INTRODUCTION
by Brian Herbert
Frank Herbert had a remarkably inventive and original mind. In his first novel, The Dragon in the Sea (1956), he came up with the concept of containerized shipping, an idea that the Japanese later commercialized to enormous success. Dune, only his second novel, was published in 1965. A complex, revolutionary work, it featured layers of ecology, philosophy, history, religion, and politics beneath the epic tale of the heroic Paul Atreides.
By 1968, five more of Frank Herbert’s novels had been published: Destination: Void, The Eyes of Heisenberg, The Green Brain, The Heaven Makers, and The Santaroga Barrier. All the while, the popularity of Dune was growing, particularly among university intellectuals who were impressed by the complex messages interwoven into the great adventure story. The novel became a textbook for many classes. The Whole Earth Catalog extolled it as an environmental handbook.
As his eldest son, I didn’t even know what my father had created. In 1966, I was hitchhiking near Carmel, California, and a young hippie couple gave me a ride in their Volkswagen Beetle. I was sitting in the back of the small car as it puttered along, and we were chatting. I told them that my dad was a newspaperman for the San Francisco Examiner and that he had written a couple of books.
“Oh?” the young man said. “What did he write?”
“Uh, Dune,” I said.
“Dune!” He was so excited that he pulled the car off to the side of the road. “Your dad is Frank Herbert?”
Hesitantly I replied, “Yeah.”
“Dune! I love that book! One of my friends at college turned me on to it. Wow! I can’t believe it!”
I was dumbfounded. As I wrote in Dreamer of Dune, my biography of Frank Herbert, my bearded father and I did not get along well in those years. I was a rebellious teenager, and we had one shouting argument after another. The relationship seemed hopeless. But Dad had apparently written something remarkable. Even so, he was not making much money from his writing or from his newspaper job. As a family, we were on the poor side of average, and some of our relatives considered my father something of a black sheep. He was eccentric, they said, and went his own way. How little did they know. How little did I know. I hadn‘t even read the novel yet.
Dune Messiah, Frank Herbert’s first sequel to Dune, was published in 1969. In that book, he flipped over what he called the “myth of the hero” and showed the dark side of Paul Atreides. Some readers didn’t understand it. Why would the author do that to his great hero? In interviews, Dad spent years afterward explaining why, and his reasons were sound. He believed that charismatic leaders could be dangerous because they could lead their followers off the edge of a cliff.

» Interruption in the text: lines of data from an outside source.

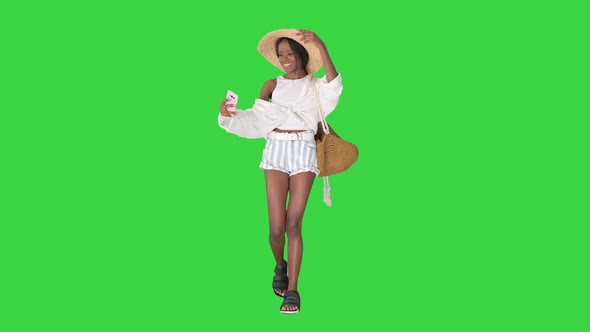Smiling African American Woman in a Straw Hat Taking Selfie While Walking on a Green Screen Chroma alt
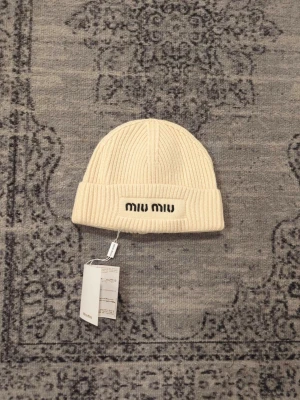 Beige ribbstickad mössa från Miu Miu - Säljer en beige ribbstickad mössa från Miu Miu med uppvikt kant och broderad logga framtill. Mössan är i mjuk ull och har en enkel, stilren design som passar perfekt till kyliga dagar.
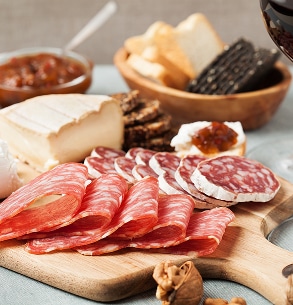 Délicieux plateau apéritif avec salami tranché, brie crémeux, confiture, crackers et vin rouge. Parfait pour une dégustation.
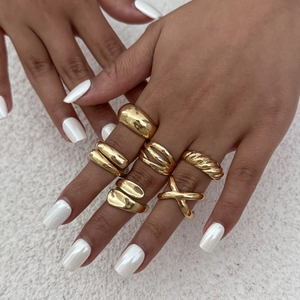 Set of six gold plated liquid metal rings with various irregular and textured designs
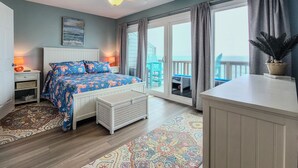 Ein Schlafzimmer mit Bett, Nachttisch, Schminktisch, Kommode, Deckenventilator, Fenster mit Vorhängen und Meerblick.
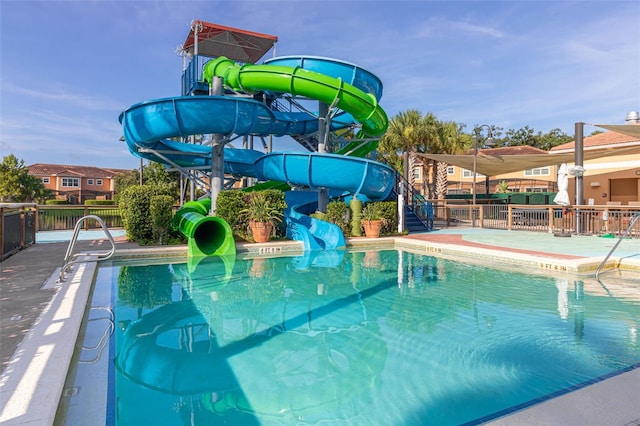 view of swimming pool featuring a water slide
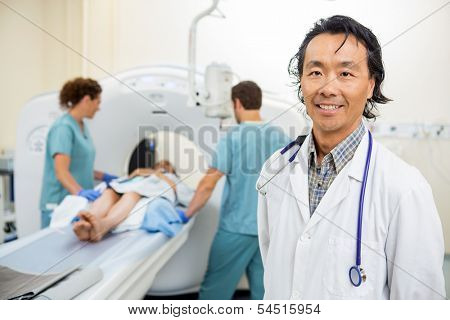 Portrait of mature radiologist with nurses preparing patient for CT scan in hospital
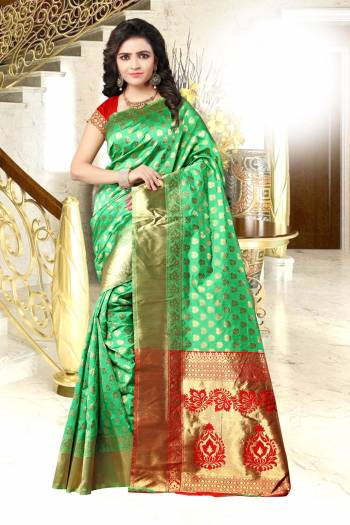 For A Proper Taditonal Look, Grab This Banarasi Saree In Green Color Paired With Contrasting Red Colored Blouse. This Saree And Blouse Are Fabricated On Banarasi Art Silk Beautified With Weave All Over It. 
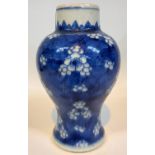 A 19th century Chinese blue and white inverted baluster vase decorated with prunus blossom, height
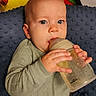 baby, infant, child, bottle, feeding, formula, sitting, lying_down, wide_eyed, face, hands, gray_outfit, blanket, nursery, toys, colorful, indoors, portrait, close_up, happy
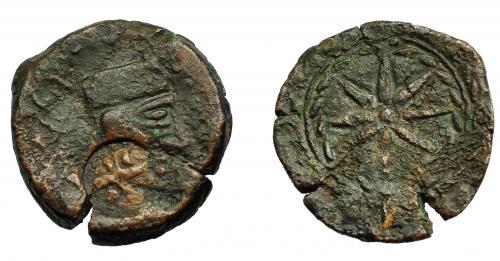 54 - HISPANIA ANTIGUA. MALAKA. Unidad. A/ Cabeza masculina con gorro cilíndrico a der., detrás tenazas y ley. mlk´. R/ Estrella de ocho rayos, alrededor láurea. AE 7,14 g. 23,2 mm. I-1733. ACIP-800. Contramarca en anv. cruz con 4 glóbulos en los ángulos. MBC-. Rara.
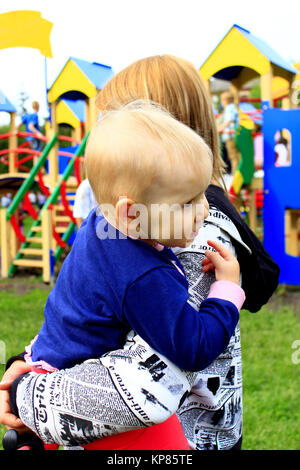 Mutter trägt ihre Tochter auf dem Spielplatz Stockfoto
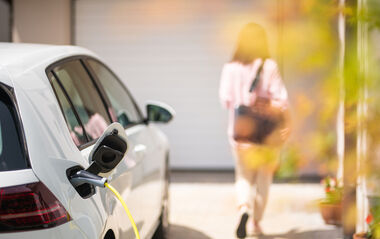 Nahaufnahme eines Ladegeräts für Elektroautos mit einer Frau im Hintergrund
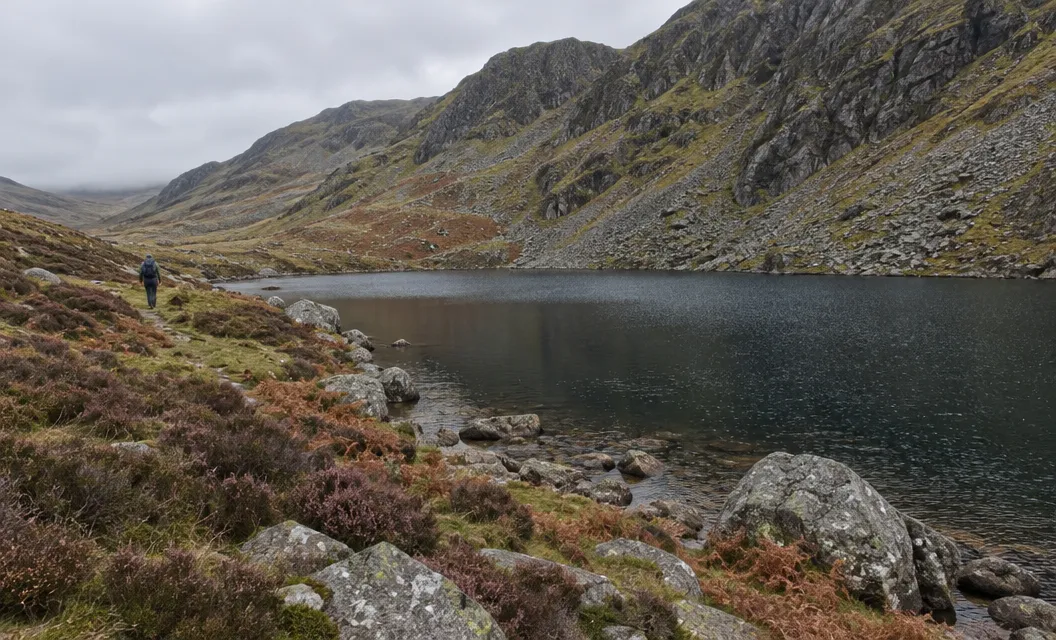 A small dark mountain lake under rocky slopes, with heather and boulders on the shore.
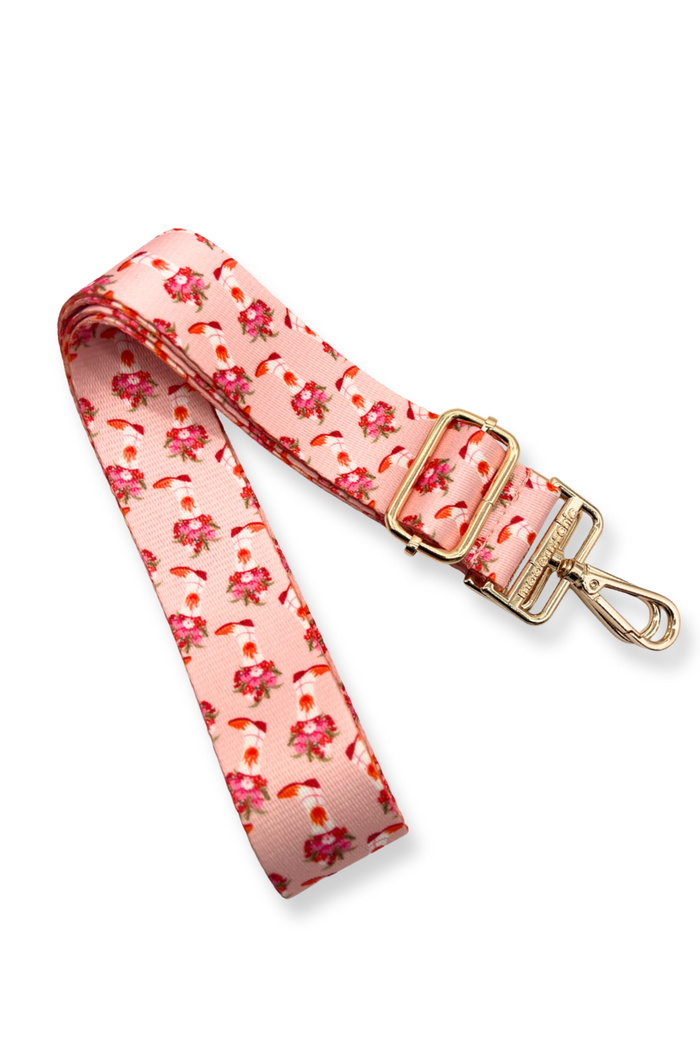 Floral and cowboy boot-patterned strap with a gold clasp on a white background
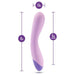 Introducing the Wellness G Curve Rumbly Waterproof Silicone G-Spot Vibrator by Blush—a lavender-colored vibrator specially designed with a slight curve. Crafted from silky silicone, it measures 8 inches in total length, with a 6-inch insertable length and a diameter of 1.5 inches at its widest point. Perfect for G-spot exploration, its base is adorned in a darker purple shade.

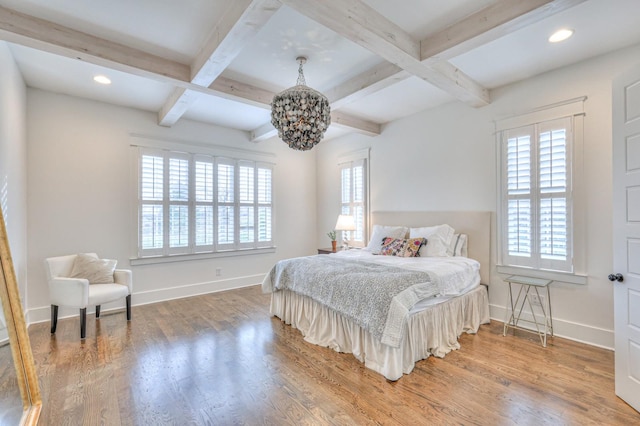 bedroom featuring beam ceiling, a chandelier, wood-type flooring, and coffered ceiling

His alternate way of looking at the universe fascinated many readers anyway, and they couldn’t wait to see where he was going with the series. He was developing a core readership. In the early 1970s, Frank Herbert became involved with the environmental movement, just as the popularity of the novel Dune was skyrocketing. He spoke on college campuses all over the country. Readers wanted even more sequels, but Dad took his time with the third book, wanting the next novel in the series to be as skillfully written as possible. In conjunction with the first Earth Day, Dad wrote entries for and edited New World or No World, a book about the importance of protecting the environment. He followed that with two novels, Soul Catcher and The Godmakers, and then a third, Hellstrom’s Hive, which had a movie tie-in. His book Threshold: The Blue Angels Experience was also published with a film connection.
By 1976, Frank Herbert had completed his long-awaited sequel, which he titled Children of Dune. A four-part Analogy serialization of the novel early that year was a resounding success, causing issues to sell out at news-stands. Letters poured in from excited fans who loved the story.
For months, David Hartwell, Dad’s astute editor at G. P. Putnam’s Sons, had been trying to convince company management that they were not printing enough copies, that when Children of Dune was printed soon in hardcover, it was going to be a national best seller purchased by more than science fiction fans. Like Dune, it would be a genre buster, he said.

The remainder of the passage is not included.